In Yemen, the Saudis struggled to push a Gulf Co-operation Council agenda that guarantees the safe delayed exit of Yemeni President Ali Abdullah Saleh, but found themselves nursing an injured president. Riyadh does not deal with Yemen as a matter of foreign policy. It has always considered the country a security concern, first handled by Prince Sultan, Minister of Defence, and more recently by Muhammad ibn Nayif, Deputy Minister of the Interior. Both men are not associated with diplomacy. After it pushed its own Jihadis into Yemen, the regime fears Yemen becoming even more of a safe haven for al-Qaeda. There is also the problem of arms smuggling and illegal immigration. While Bahrain was a temporary quick fix, Yemen may yet prove to be a more complex bee hive full of aggressive hornets. In a country where three revolutions take place in one, the Saudis may have reached a dead end with their previous policies of patronage, divide and rule, and export of Salafi teachings. The struggle between the Yemeni notable families of al-Salehs and the al-Ahmars, between the regime and the old opposition parties, and between the revolutionary youth and the President’s men, not to mention two separatist groups in the north and south, may prove to be too much to handle for the ageing Saudi leadership. The latter will try to find a puppet, but Yemen is definitely not Bahrain. The Saudi regime may once again play the sectarian and separatist card as a pre-emptive counter-revolutionary strategy that exaggerates religious differences and hatred and mitigates against the consolidation of national politics in Yemen.

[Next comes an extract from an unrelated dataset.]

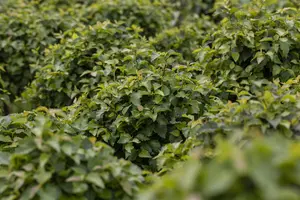 Betula pendula 'Magical Globe'? - STEM 225 CM, GIRTH 10-12 CM RB - image 2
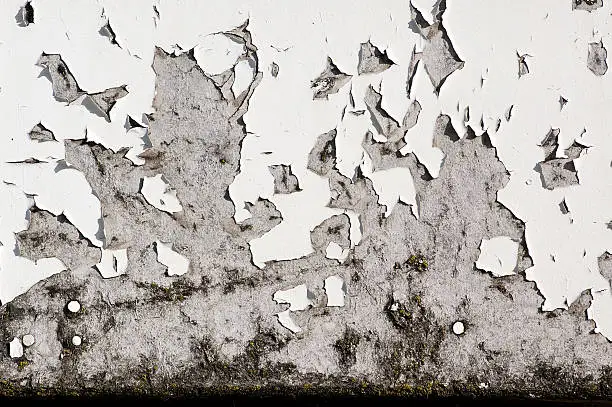 White paint peeling off of decaying concrete with moss.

While the Saudi regime dreams about becoming the sole fixer and protector of the world of Sunni Arab Islam, its political system is not one that many Arabs aspire to emulate after their Arab Spring. Arabs will welcome Saudi economic largess but may well challenge the patron-client relations that the Saudi regime has always deployed to silence regional Arab competitors. With Iran losing its appeal, the new confrontation may well be with Turkey. The Saudis think that Iran can be defeated with anti-Shia sectarian hatred. To confront Turkish regional ambitions, they may find their old Wahhabi manuals that denounce the Sufi Turks and a reinvented Arab nationalism handy. They have already purified The Land of the Two Holy Mosques from signs of a historical legacy, when the country was under nominal Ottoman suzerainty.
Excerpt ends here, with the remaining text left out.